The team also measured the relationship between mobility and COVID-19 transmission and found that precautionary measures, such as face masks and social distancing, reduced the risks of transmission when people were out in public.
"The relationship between mobility and COVID-19 transmission was weaker in February 2021 compared to March 2020, suggesting that the community found safer ways to interact in public," said Fox.
The researchers found a strong correlation between COVID-19 policies and pandemic trends. When behaviors relaxed, the virus picked up speed. When restrictions were enacted to curb surges, they had the desired effect. For example, Texas' rapid reopening policy in the spring of 2020 corresponded with a major COVID-19 surge in Austin, which subsided after the implementation of local restrictions and a statewide mask mandate.
"This forecasting system helped save lives by allowing our community to see what they needed to do and when they needed to do it," said Austin Mayor Steve Adler. "This tool stands at the intersection of science and public policy and shows the good that can be realized when they are aligned. It was an honor to be part of such a stellar team that developed and applied this system."
The forecasting system was developed by a municipal COVID-19 task force in Austin that included scientists, civic leaders, public health officials and health care executives. The model projections have informed policy decisions and response actions throughout the pandemic, including resource planning by local hospitals, requests for additional resources from state and federal agencies, the launch and dismantling of alternative care sites to provide additional health care capacity, and changes in the Austin-area COVID-19 alert stage to communicate and manage risks. The model projections have been frequently discussed in public forums and highlighted by news media.
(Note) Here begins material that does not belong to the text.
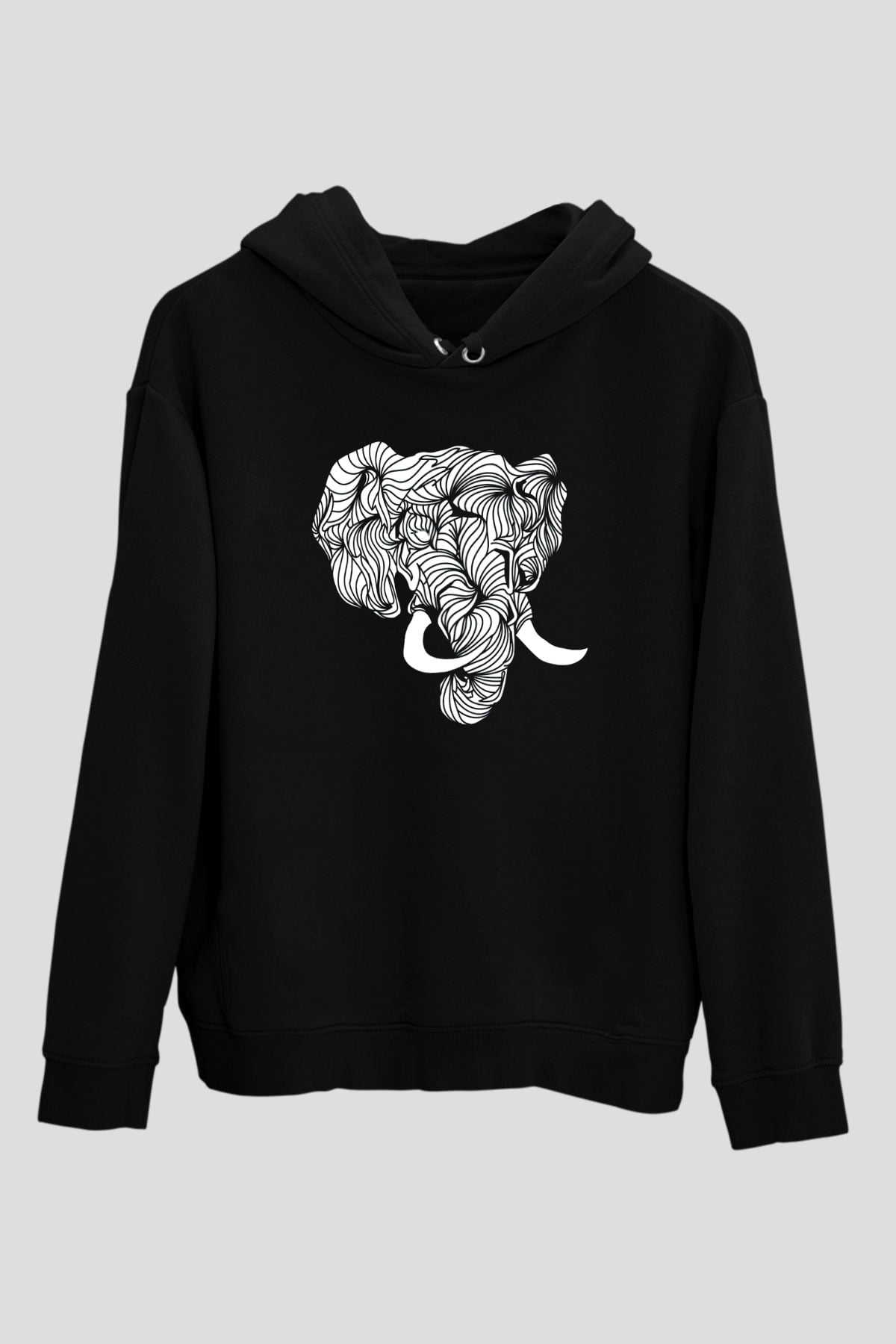 Fil Siyah Unisex Hoodie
Data-driven policies and effective health messaging have helped Austin to keep its COVID-19 death rate the lowest among all large Texas cities.
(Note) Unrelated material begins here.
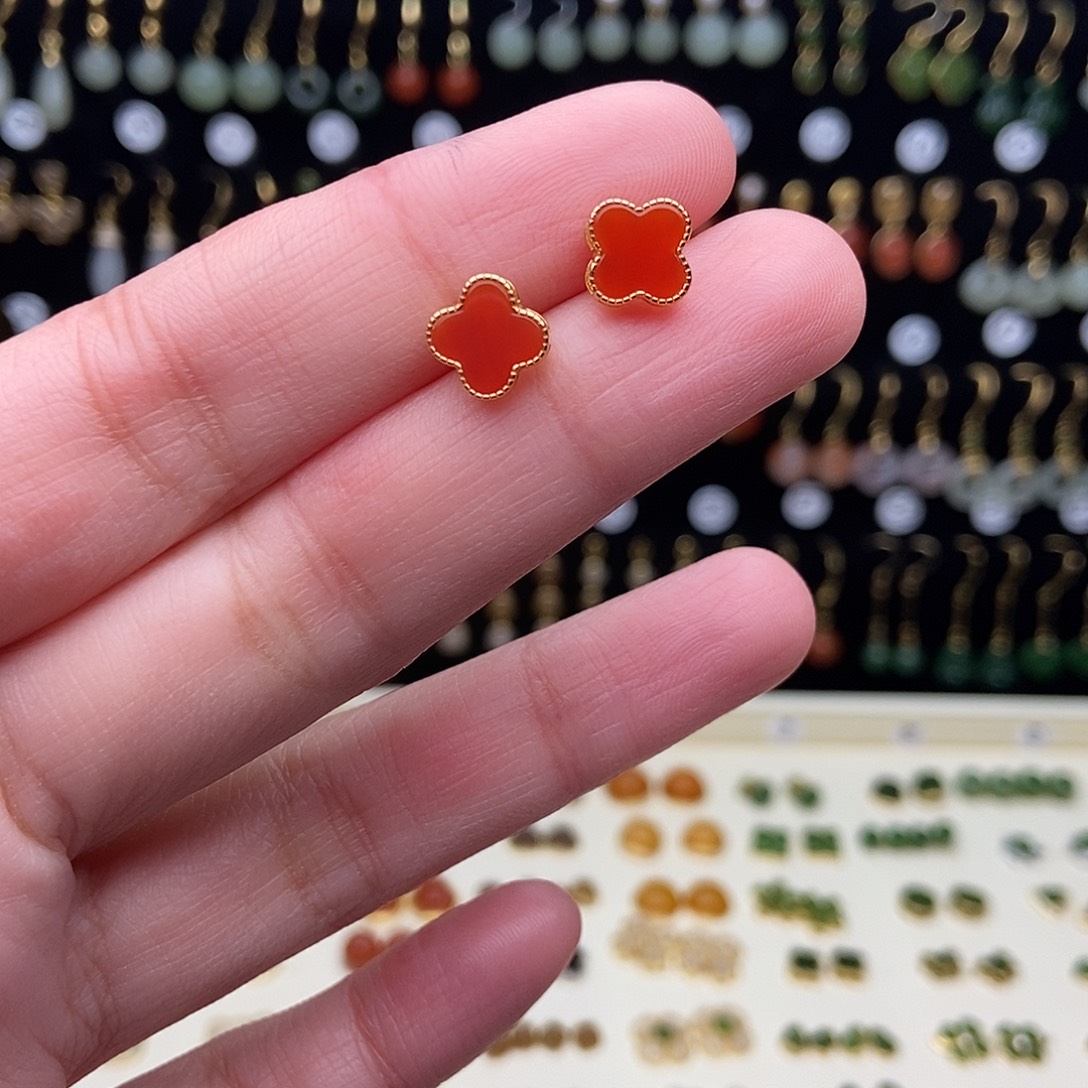 和田玉银S925镀金镶嵌耳饰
"Our forecasts have helped the city of Austin make key decisions and communicate risks throughout the COVID-19 pandemic. The city leadership put their trust in science, and the local health care systems worked tirelessly to provide critical data," said Lauren Ancel Meyers, director of the consortium, a co-author of the study and a professor of integrative biology and statistics and data sciences at UT Austin. "Together, we were able to build a forecasting system that is easy to interpret and can be used by any city to guide COVID-19 responses as the virus continues to spread in cities throughout the U.S.," said Meyers.
Co-first authors are Spencer J. Fox of The University of Texas at Austin and Michael Lachmann of Santa Fe Institute. Other authors are Mauricio Tec, Rémy Pasco, Spencer Woody, Tanvi Ingle, Emily Javan, S. Claiborne Johnston, James Scott and Xutong Wang of The University of Texas at Austin; Maytal Dahan and Kelly Gaither of UT Austin's Texas Advanced Computing Center; Zhanwei Du, previously of Meyers' lab; The University of Hong Kong; Mark E. Escott of UT Dell Medical School and the City of Austin; and Steve Adler of the City of Austin. Meyers holds the Cooley Centennial Professorship of Integrative Biology and Statistics and Data Sciences at The University of Texas at Austin.
The research was supported by the Centers for Disease Control and Prevention, the National Institutes of Health, and a donation from Tito's Handmade Vodka. The Texas Advanced Computing Center at The University of Texas at Austin provided high-performance computing, visualization, database and grid resources that have contributed to the research results reported.